Résumé
Pourquoi et comment la découverte de la culture "primitive" a-t-elle joué un rôle aussi important dans le courant moderniste? Voyage dans des aspects fascinants de l'inspiration de Matisse, Derain, Van Gogh, Picasso et bien d'autres.
Extrait:
The discovery of ‘primitive' culture by artists is usually said to have occurred in the years 1906-1907. But the word ‘primitivism' was already used then as an art-historical term meaning ‘the imitation of the Primitives', that is, the imitation of styles as different as those of the ancient Egyptians or the Aztecs of Mexico, or those of Persia, India, Cambodia, or even Japan.

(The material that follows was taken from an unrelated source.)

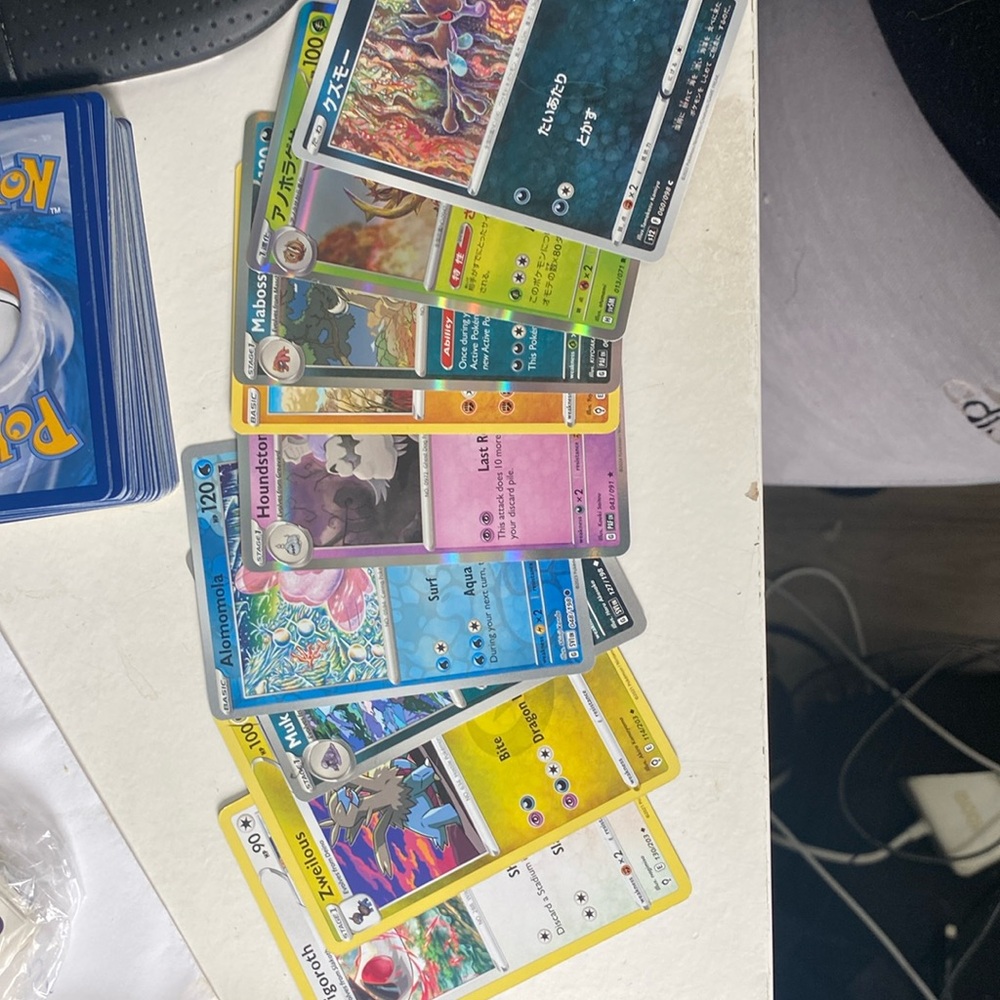 Pokemon Trading Cards Assortment - Blue, Yellow, Pink, Green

With the ‘discovery' of African and Oceanic masks and figure sculptures by Matisse, Derain, Vlaminck, and Picasso in the years 1906-1907, a strictly modernist interpretation of the term began: ‘primitive' art simply became increasingly identified, during the following quarter-century, with tribal objects.
More generally though, the modernist artists used so-called primitive art as inspiration to emphasise their commitment to a basic approach. So-called primitive art could thus mean the work of an untrained painter such as Rousseau. Kandinsky also praised the art of children, and sought to paint like a child. Other artists, such as the ‘Fauves' in France, looked to the cultures of Africa and Oceania for inspiration, and incorporated art forms of other cultures into their own paintings.